Existence of Kirillov-Reshetikhin crystals for near adjoint nodes in exceptional types (Q2223369)

Let \(\mathfrak{g}\) be an affine Kac-Moody Lie algebra and let \(U_q'(\mathfrak{g})\) be the corresponding quantum affine algebra without the degree operator. We denote by \(W^{r,\ell}\) the Kirillov-Reshetikhin module over \(U_q'(\mathfrak{g})\), where \(r\) is a node of the Dynkin diagram of \(\mathfrak{g}\) except the node 0, and \(\ell\) is a positive integer. One of important (conjectural) properties of a Kirillov-Reshetikhin module is the existence of a crystal base in the sense of Kashiwara. It was proved that \(W^{r,\ell}\) have crystal (pseudo)bases in various types but it is still open in some other cases. In the paper under review, the authors prove that when \(\mathfrak{g}\) is either of type \(E_{6,7,8}^{(1)}\), \(F_4^{(1)}\) and \(E_6^{(2)}\) and \(r\) is the near adjoint node, the Kirillov-Reshetikhin module \(W^{r,\ell}\) has a crystal pseudobase for any positive integer \(\ell\). Here a node \(r\) is called near adjoint if the distance from 0 is precisely 2. In the course of the proof, the criterion for the existence of a crystal pseudobase introduced in [\textit{S.-J. Kang} et al., Duke Math.
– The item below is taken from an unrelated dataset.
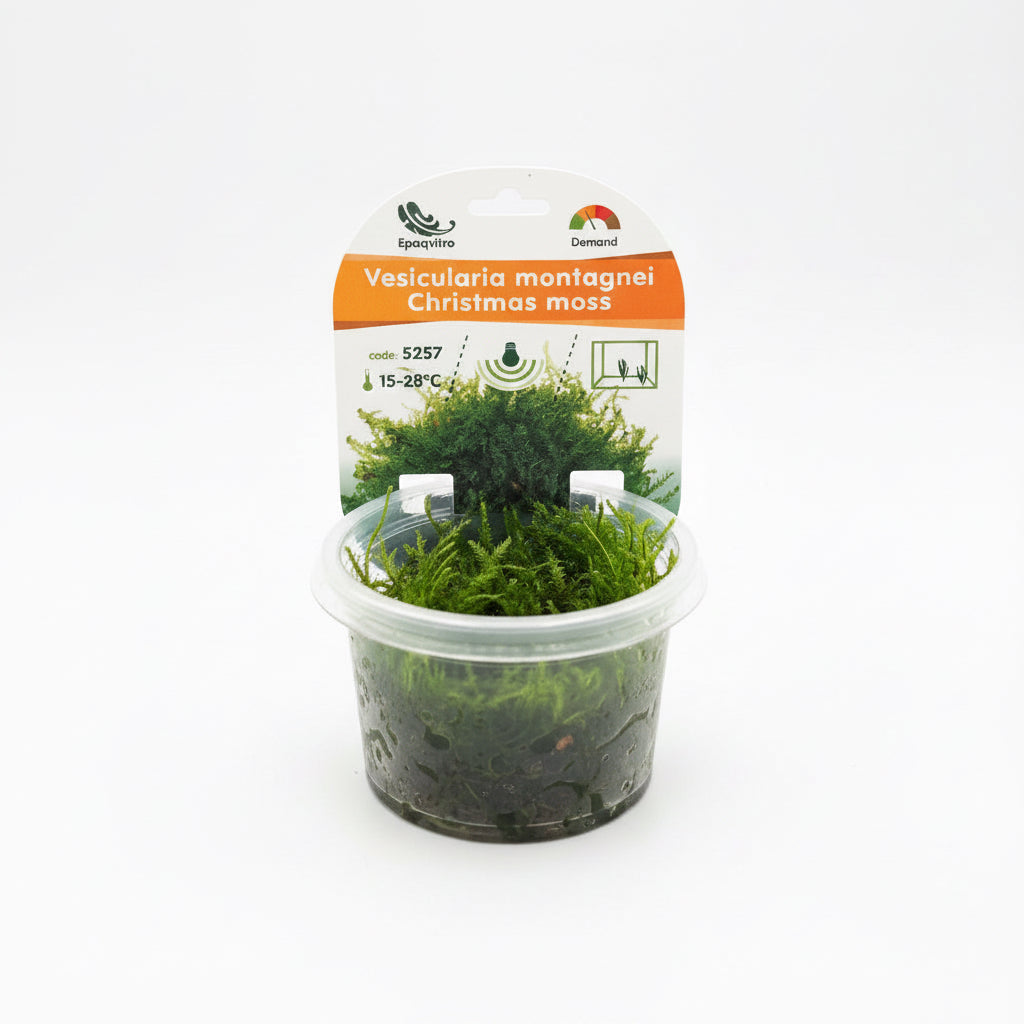 Vesicularia montagnei InVitro Christmas Moos Aquarienpflanze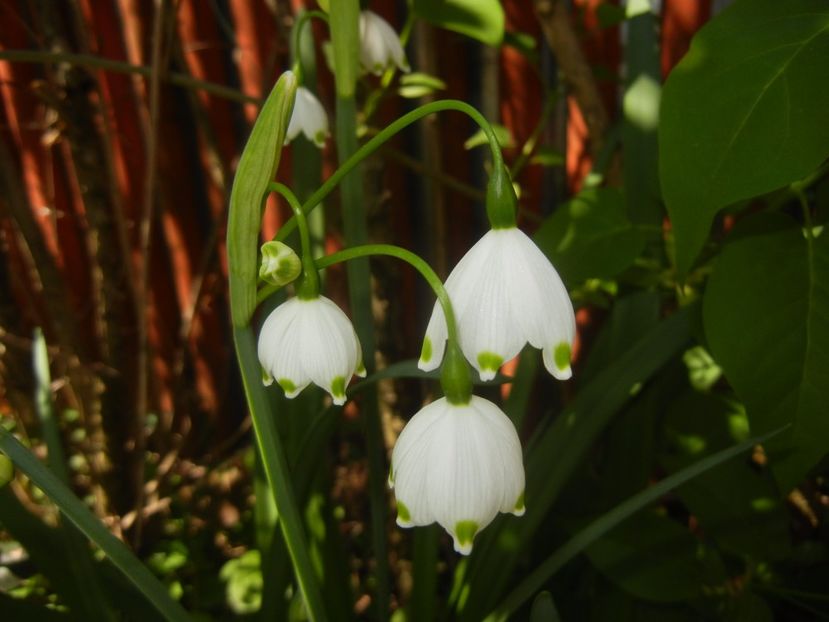 Leucojum aestivum (2017, April 13) - GHIOCEI_Leucojum aestivum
J. 68, No. 3, 499--607 (1992; Zbl 0774.17017)] is used crucially. Combining with the result for type \(G_2^{(1)}\) and \(D_4^{(3)}\) given in [\textit{K. Naoi}, J. Algebra 512, 47--65 (2018; Zbl 1472.17060)], the main result of this paper tells us that the conjecture for near adjoint nodes in exceptional types holds.